A habit is a repeated behaviour or tendency, something that we do often without realising it. Habits can aid our prosperity in life or contribute to our destruction. Habits, once formed, become so routine that they can be difficult to break and it is often said that they way to break old habits is to form new ones. Our habits contribute to many areas of our lives – our moods, our relationships, our career, finances and much more.
It is important to reflect on our lives and assess whether or not our habits are helping us or destroying us.
For me, I used to have many destructive habits that contributed to the depression I was experiencing. It was not until I took the steps to overcome depression that I realised just how much our habits can affect our moods. Depression can be very complex and varies from person to person, overcoming it takes a lot more than ‘snapping out’ of a cycle of sadness. However, we must be honest with the fact that behaviours and patterns can contribute to these feelings.
At the height of the depression that I experienced, some of the bad habits I had were staying at home for days on end, not speaking to anyone about anything ‘real’, watching series for hours, not eating properly, not sleeping properly and generally, not fixing my mind on anything positive at all. The lie that I also believed was “I’m just not a social person, this is my nature”. It is important to know that we can be introverted or extroverted or anything else without having habits that lead to self-destruction.
It was not until I was in the process of overcoming depression that I realised I needed to change my habits. I could not stay in a place of isolation and expect myself to refrain from the negative thought patterns that come along with that. I could not stay home all day everyday and expect the feeling of heaviness to disappear. Alongside prayer, fasting and other spiritual disciplines, one of the other things I had to do was be intentional about changing habits.
How did I do this? I did not let a day go by where I was alone with my thoughts in my house. I would talk to people even when I felt like being alone. If I could feel even a slight feeling of heaviness, I would turn up worship music loud in my room and dance until the weight lifted.
But, even in this, I found myself falling short. I began to take note of the length of time between ‘episodes’ of low mood, each time hoping that would be the last. In doing this, I almost became obsessive with gaining relief from the darkness and I kept slipping and it felt like a cycle – a few days up then down and up again. I was frustrated with myself, just when I felt myself overcoming, I would fall again. It was exhausting. All I wanted was relief from it, I sought out for encouragement from scripture and this brought me the hope I needed.
“My flesh and my heart may fail,
but God is the strength of my heart
and my portion forever.” Psalm 73:26 (NIV)
As the scripture states, your flesh and heart may fail. The word “may” means that failure is not inevitable – you do not HAVE to fail but, there is a possibility that you may. But – there is a but – even if you find yourself falling short, even if this is the hundredth time you said you would quit that habit and you failed, even if! God, the Almighty Father is the strength of your heart. To have strength is to be able to handle great amounts of force and pressure so, despite numerous failures, God will strengthen your heart – He will give you the ability to rise and try again. And the promise, He is your portion forever – He is not going to leave you, He will help you and guide you through it all.
Once I realised the truth of this scripture, I stopped relying on my own strength to break out of bad habits and formulate new ones. I stopped obsessively counting the number of days free from depression but rather focused on asking God to continue strengthening me. The more I did this, the more I saw myself gaining that strength and overcoming.
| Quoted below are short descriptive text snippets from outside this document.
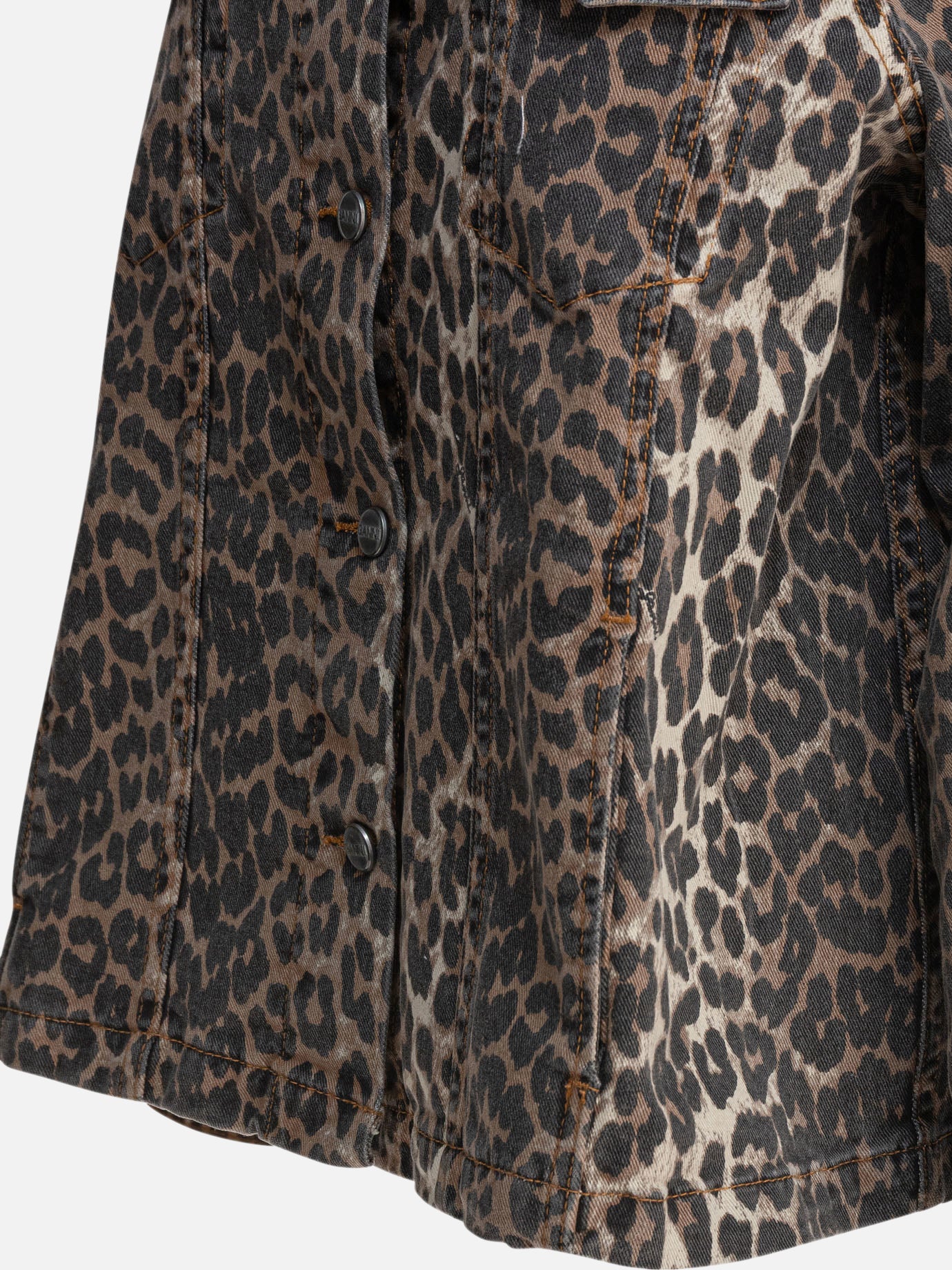 Denim jackets Animal print Brown - Ganni Women | PDP | VIETTI Online Store | Zoom-Modal_4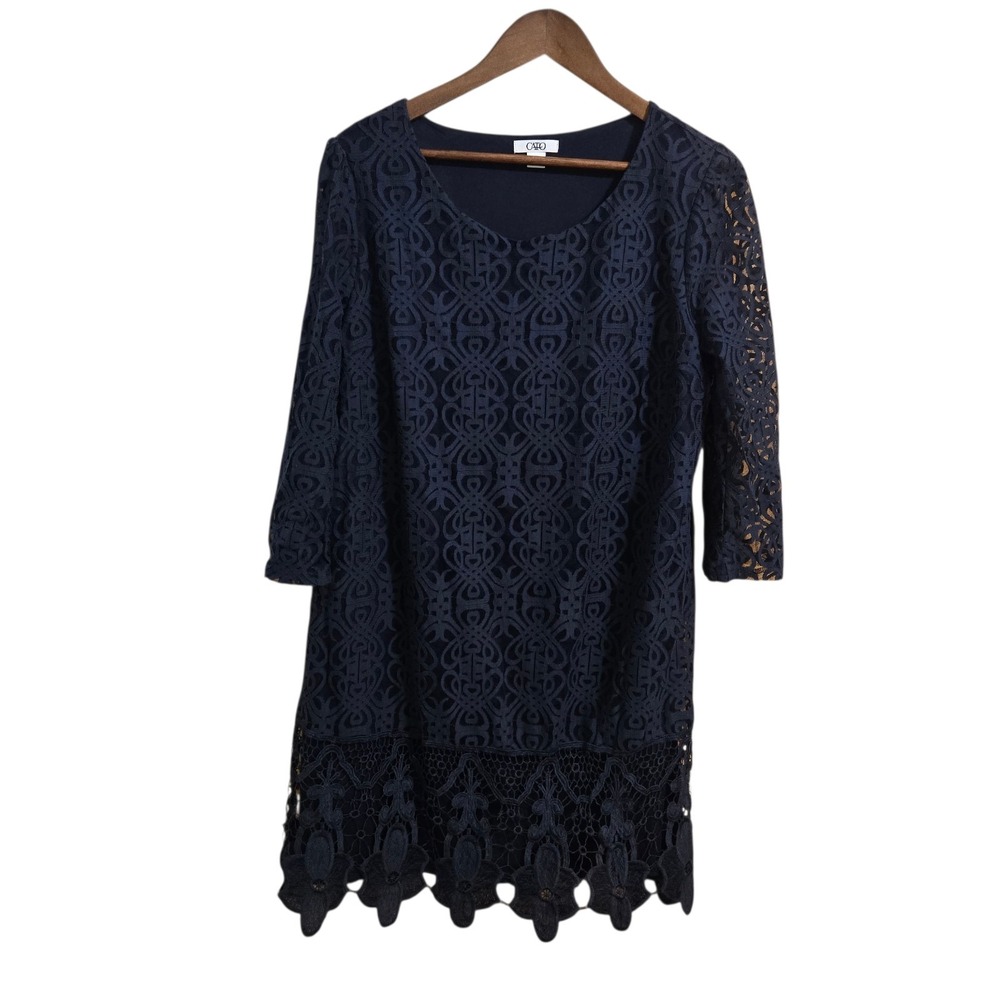 Cato Womes Dress Size 16 Lace Overlay 3/4 Sleeve Dark Blue Lined Knee Length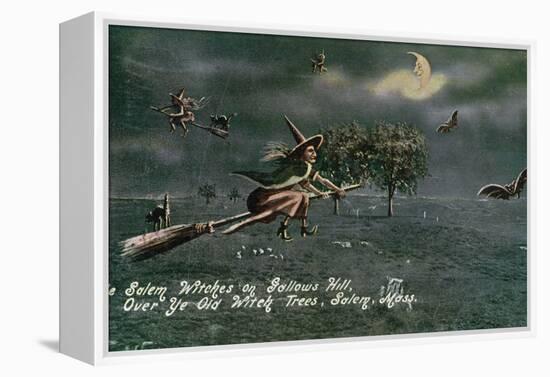 Salem, Massachusetts - Salem Witches on Gallows Hill Scene-Lantern Press-Framed Stretched Canvas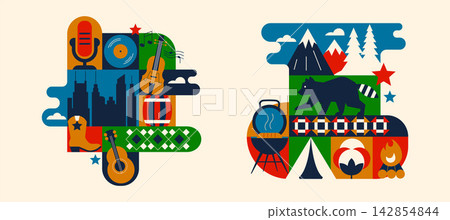 Tennessee Geometric Compositions with Nashville Music, Smoky Mountains, Nature and Travel Icons, Flat Abstract Modular American Vector Set Tennessee Geometric Compositions with Nashville Music, Smoky Mountains, Nature and Travel Icons, Flat Abstract Modular American Vector Set 142854844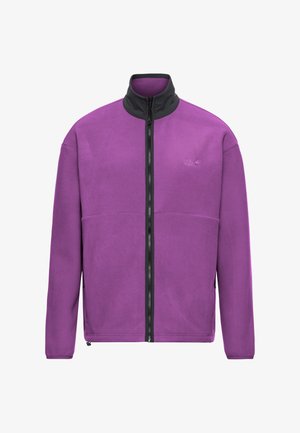 Fleecevest in levendig paars met een zwarte hoge kraag en een ritssluiting over de volledige lengte, met een gestroomlijnd ontwerp en subtiele branding.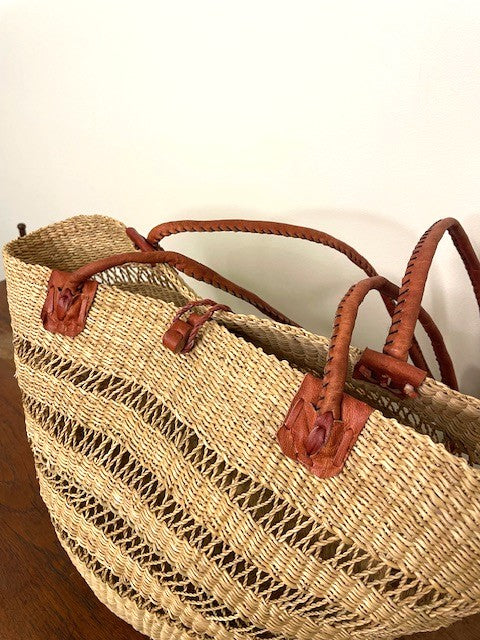 West African Market Bag – Elephant Grass & Brown Leather Handles (Small, Long Handles)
I still played my part; I still chose to do the opposite of whatever I would have done previously but the difference was I knew and relied on God to help me.
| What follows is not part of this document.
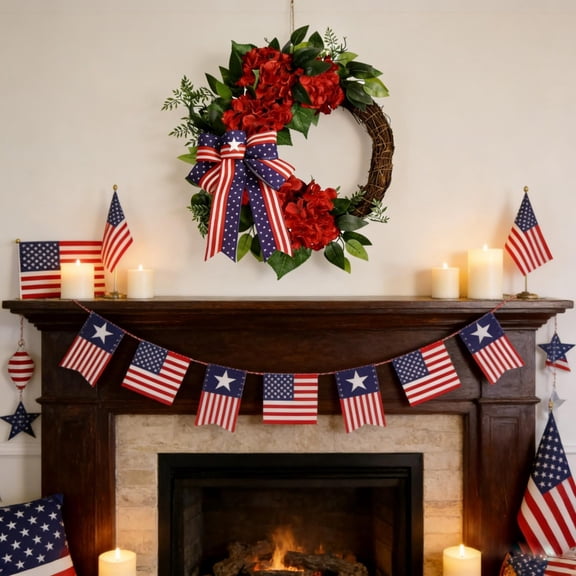 Patriotic Independence Day Door Wreath, Artificial Greenery, Flowers and Bow for Home Decor, Weather-Resistant Wreath for Indoor Outdoor Parties/Gardens, Celebrates 4th of July in Style, 24in, B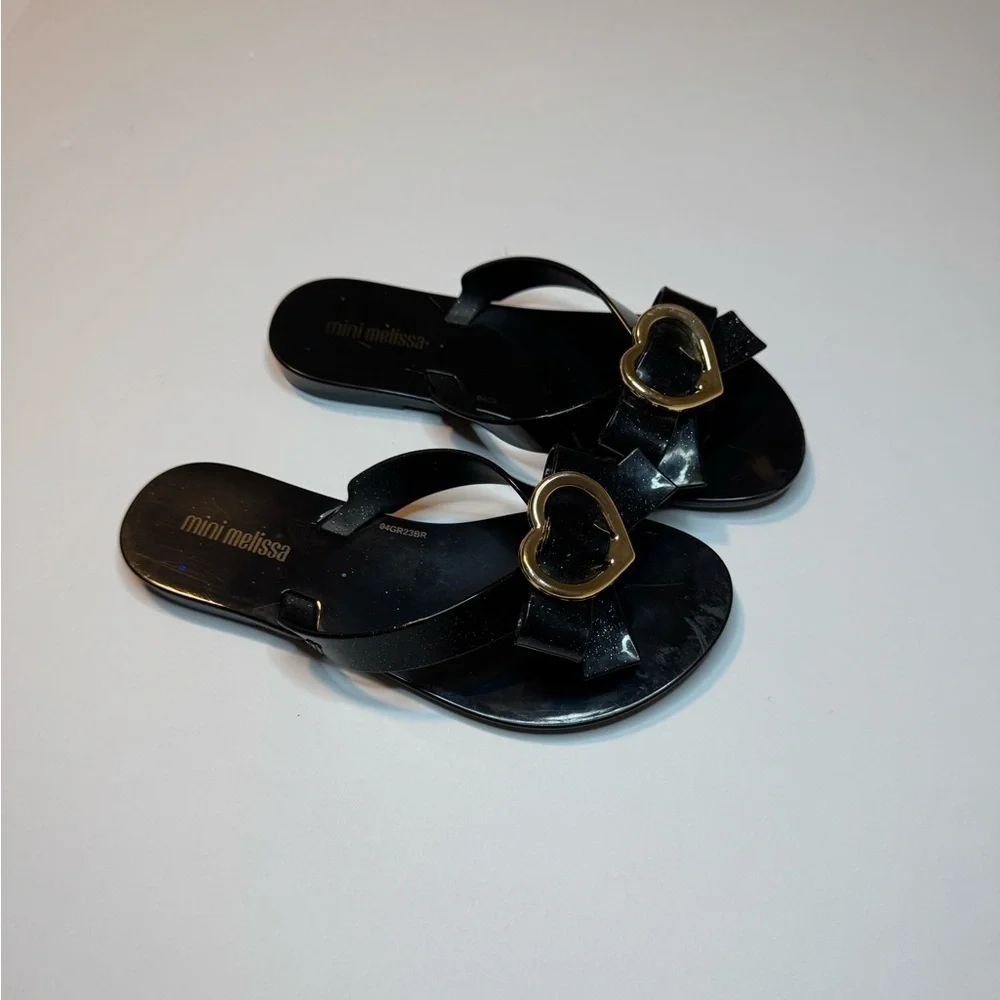 Mini Melissa Girls Heart Jelly Flip-Flops Size 8/9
I encourage you to do the same. Whatever behaviours you need to change, be honest and open about them. Do not cover up things with excuses like “it’s my personality”, if something is not helping you own up to it. Once you do that, speak to God and trusted people who will keep you accountable for your actions. Then, continually, pray and ask God for the strength to break old behaviours and formulate new behaviours that will help you overcome. Know that, God is the strength of your heart today and forevermore.